Saturday, April 21, 2007

La Dame d'Esprit: A Biography of the Marquis Du Chatelet by Judith Zinsser


I am trying another review format. This is a book that many libraries missed.

Zinsser, Judith. La Dame d'Esprit: A Biography of the Marquis Du Chatelet. Viking, 2006. 376 pp. Bibliography; Index; Notes in back; Photos. ISBN 0670038008

What would you do if you were bored with your marriage? Gabrielle Emilie le Tonnelier de Breteuil, the marquise Du Chatelet, wrote treatises on mathematics and physics, translated Newton's work into French, and started an affair with the great author Voltaire. The author reassesses the short but exciting life of an unconventional woman who has been ridiculed by historians.

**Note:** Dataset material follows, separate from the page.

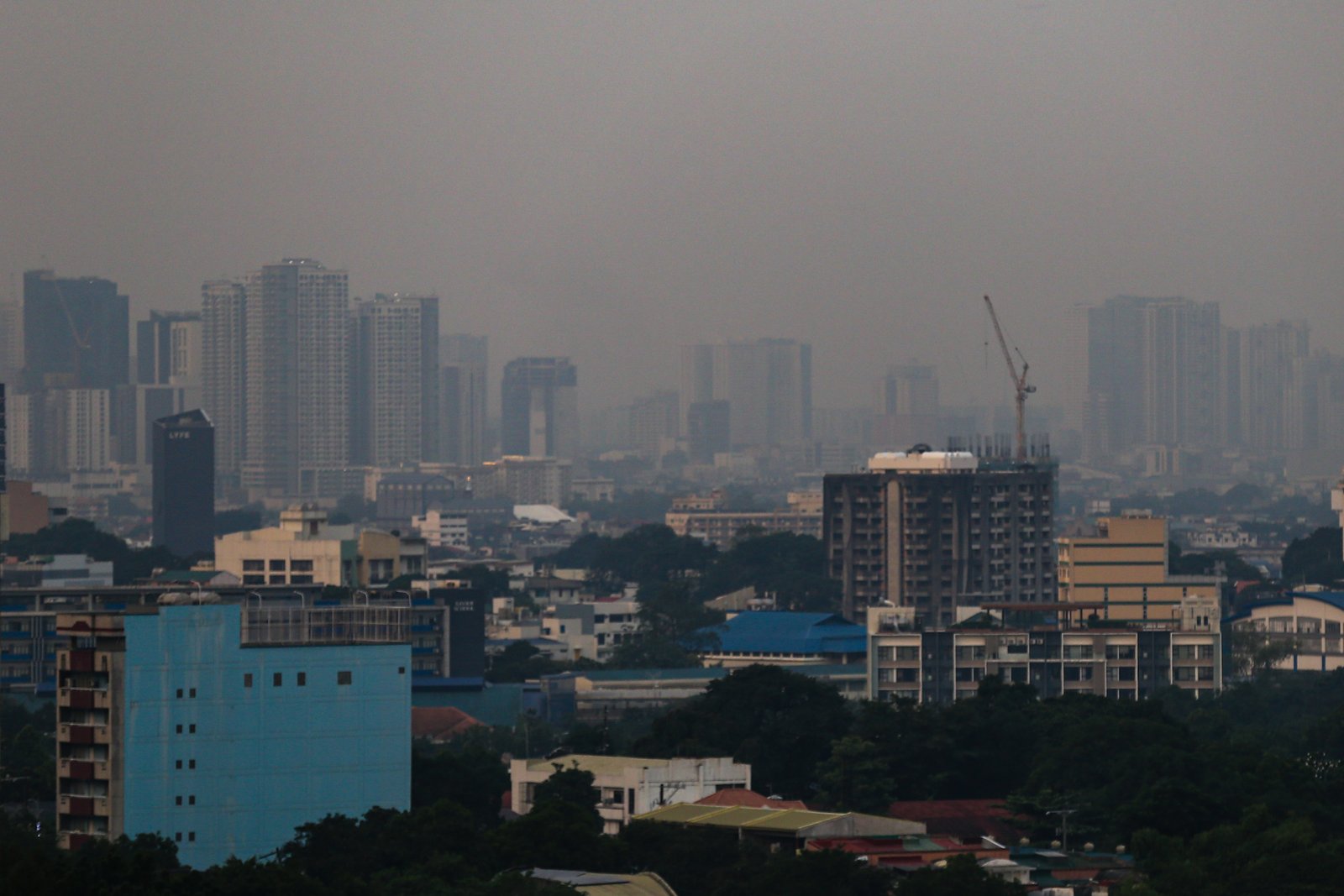 Haze blankets high-rise buildings in Manila, as seen from Quezon City on the morning of 28 September 2026. Air quality in Metro Manila has ranged from moderate to unhealthy levels, with exposure to fine particles potentially aggravating respiratory conditions and causing breathing difficulties. The Department of Environment and Natural Resources–Environmental Management Bureau advises the public to reduce unnecessary outdoor activities, wear a properly fitted N95 or equivalent mask when exposure is unavoidable, keep doors and windows closed when possible, and monitor official air quality advisories.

Subjects: Du Chatelet, Gabrielle Emilie le Tonnelier de Breteuil; France; French Enlightenment; Genius; Mathematicians; Physicists; Women Scientists

Story Elements: Controversy; Reassessment of life; Romance; Whole life

Tone: Admiring; Sympathetic

Style: Scholarly; Narrative

Now Try: Naked in the Marketplace: The Lives of George Sand by Benita Eisler, a story of a French woman who competed with men in literature instead of science. She was also infamous for her love affairs. For more on the Du Chatelet-Voltaire relationship, try a book with a really long title, Passionate Minds: the Great Love Affair of the Enlightenment, Featuring the Scientist Emilie Du Châtelet, the Poet Voltaire, Sword Fights, Book Burnings, Assorted Kings, Seditious Verse, and the Birth of the Modern World by David Bodanis.

1 comment:

Anonymous said...

Interesting topic and book, microscopically but repeatedly annoying for anyone familiar with French usage. Madame la Marquise du Chatelet (with capital M in Marquise and small-case d in du, not Du, "du" means "of" and is not properly a name; on the other hand, "la marquise..." would not be capitalized) was only called that after she was married. It is annoying to read about her as a child and before her marriage, as "Du Chatelet". (Why not call her Emilie for example when a child - or ascertain what she was called and call her that?) It is also annoying to read about her mother as "Froullay" during those times (this sounds intentionally disrespectful). In general, I would have expected the author of such a book to be more careful about respecting correct usage in the place and time she writes about. These characters are not sports personalities written about by jocks, yet the style of writing is too similar to that.